The classification and explicit determination of functionally independent invariants underlie many fundamental operations in theoretical and mathematical physics. Concrete applications include:

• Building invariant Lagrangians in high-dimensional field theories, particularly for tensor gauge fields of arbitrary rank or with self-duality constraints.
• Determining the space of local observables or conserved quantities in quantum field theories and integrable models, guided by invariants' algebraic structure.
• Systematic construction of interacting actions for higher-order tensor fields, where invariants provide the only nontrivial local terms allowed by symmetry.
• Extending the classification of invariants when the symmetry group is enlarged (e.g., to extended or affine Lie algebras), where the methods discussed provide sufficiency criteria for triviality or freeness of the invariant ring.

Rigorous methodology, combining representation-theoretic, combinatorial (Hilbert series), and explicit tensor calculations, is indispensable for advancing both the general theory and its physical applications.

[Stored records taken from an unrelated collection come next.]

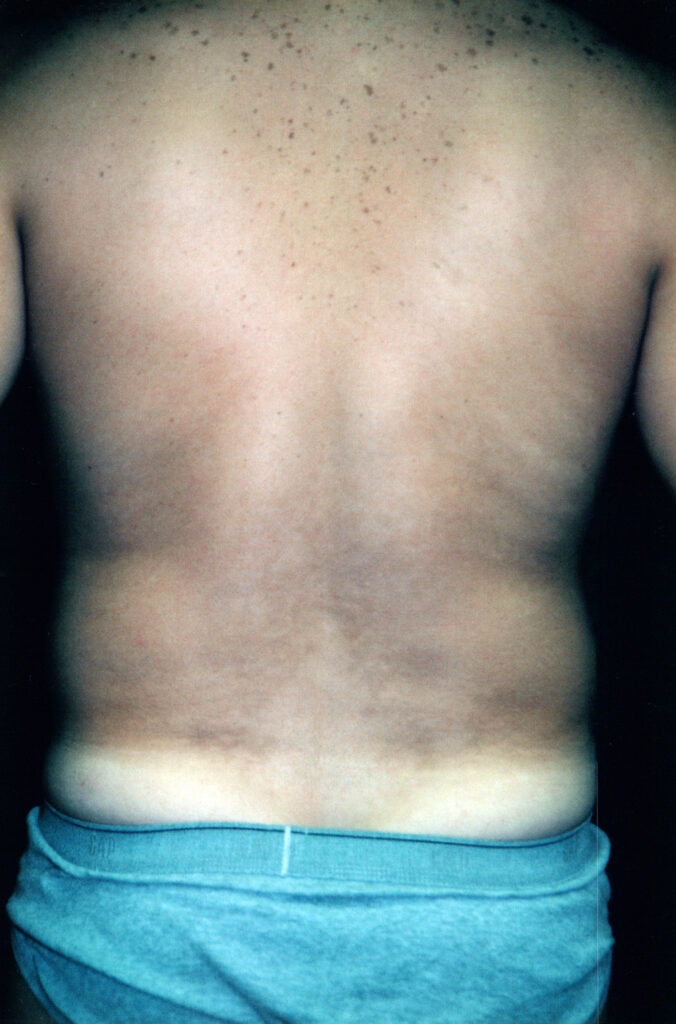 Before Image: Liposuction - back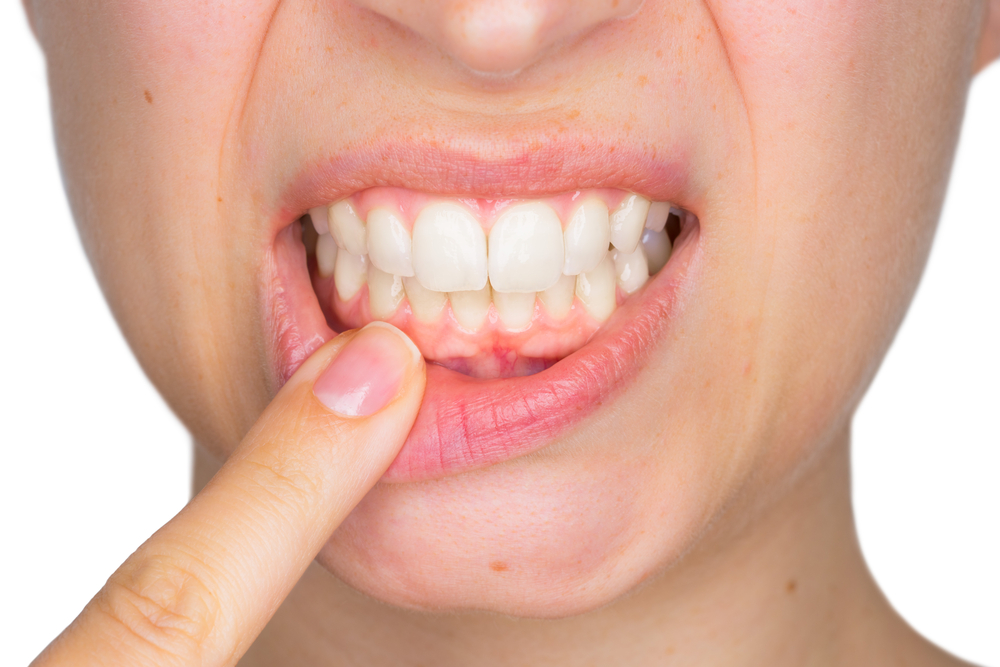 5 Dinge, die blasses Zahnfleisch verursachen, sollten Sie sich Sorgen machen?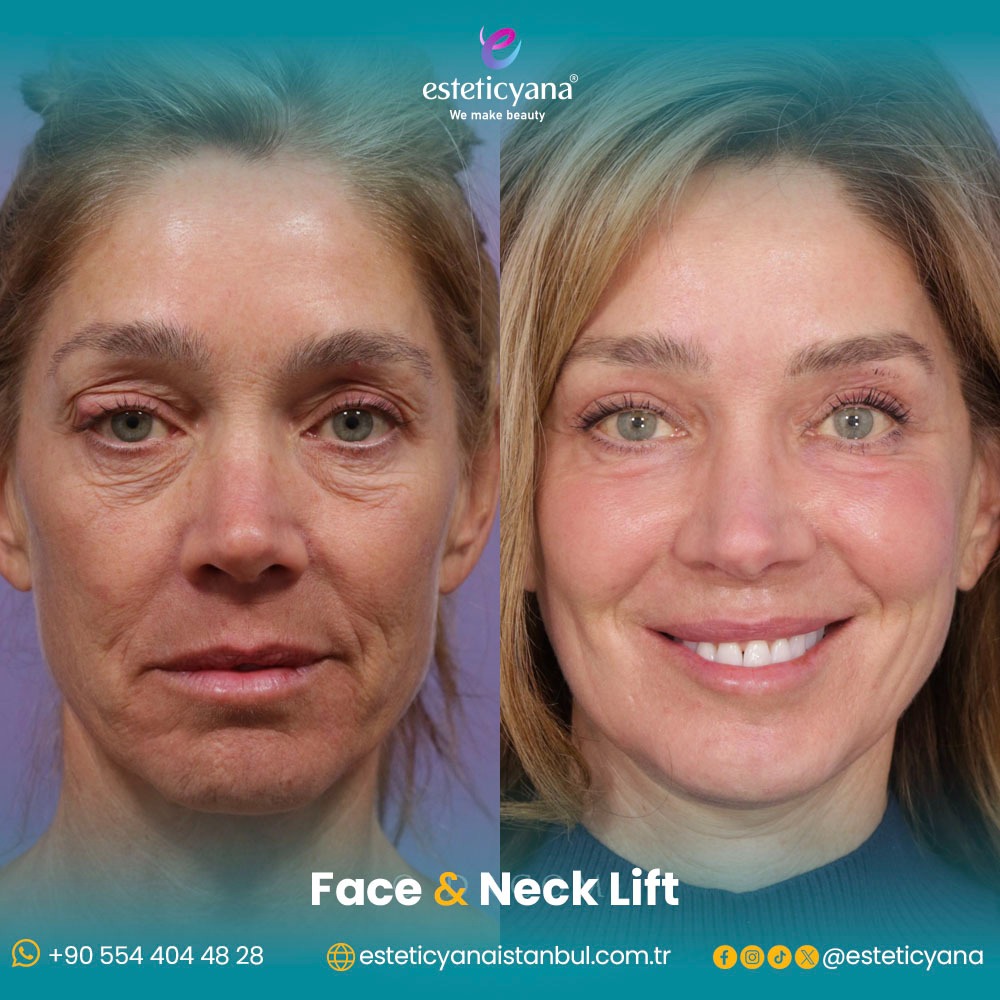 Face and neck lift before and after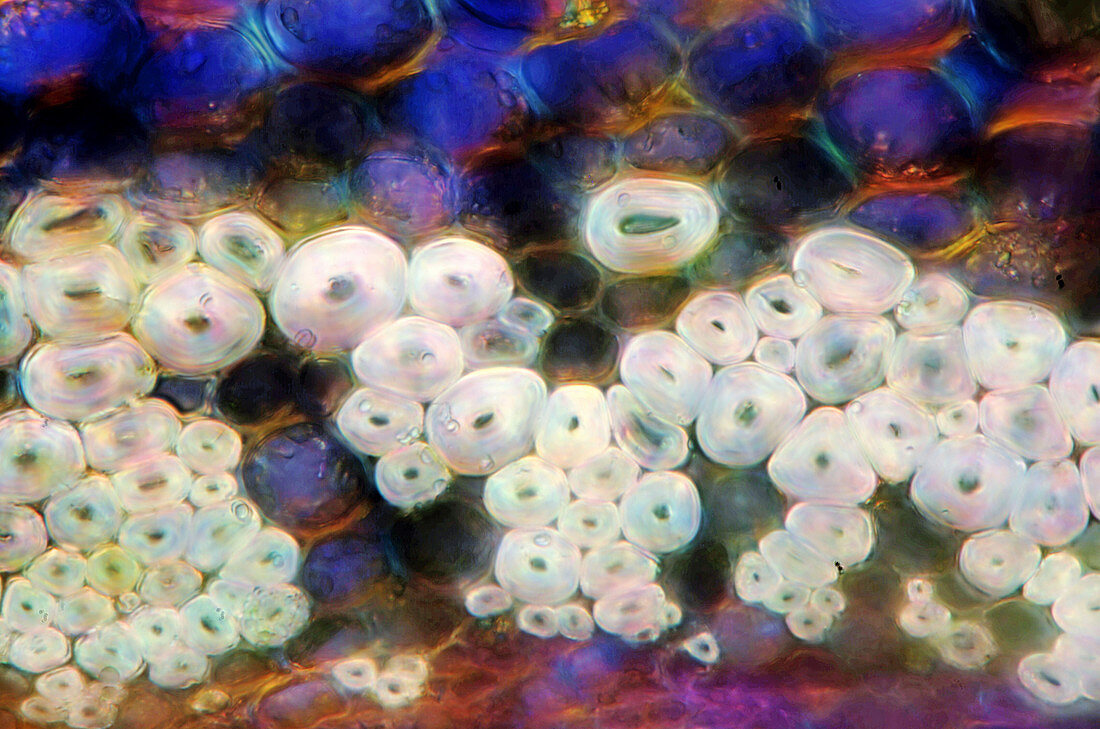 Cherry tree stem,light micrograph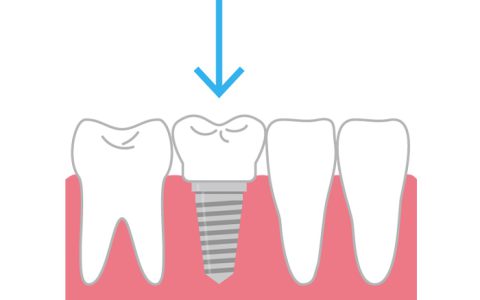 インプラントとは？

7. Summary Table: Key Steps in Classifying Functionally Independent Invariants

Step	Description	Output
Define $S$ and $S^\mathfrak{g}$	Polynomial algebra and its invariant subalgebra under Lie group action	Ring $S^\mathfrak{g}}$
Compute Hilbert series $P(t)$	Encodes graded dimensions of $S^\mathfrak{g}$, predicts generator degrees	$P(t)=\prod_{i} (1-t^{d_i})^{-m_i}$
Construct building blocks	Define tensors $M_{\mu\nu}$, $N_{\mu_1...\mu_r}^{\nu_1...\nu_r}$, etc., respecting symmetry and constraints	Candidate invariants
Determine syzygies	Identify relations, possibly through vanishing Hilbert numerator or explicit contraction identities	Minimal set of independent invariants
(Optional) Use extended $\mathfrak{g}^+$	Use structure of extended algebra as criterion for triviality/freeness	Sufficiency for trivial/freely generated ring
Spinor/tensor formalism	Re-express invariants using spinorial notation for computational or structural advantages	Alternative explicit invariant bases

This approach provides a systematic means of classifying and explicitly constructing functionally independent invariants for tensor fields under Lie algebra actions, with broad utility in both pure mathematics and theoretical physics contexts (Cederwall et al., 17 Sep 2025).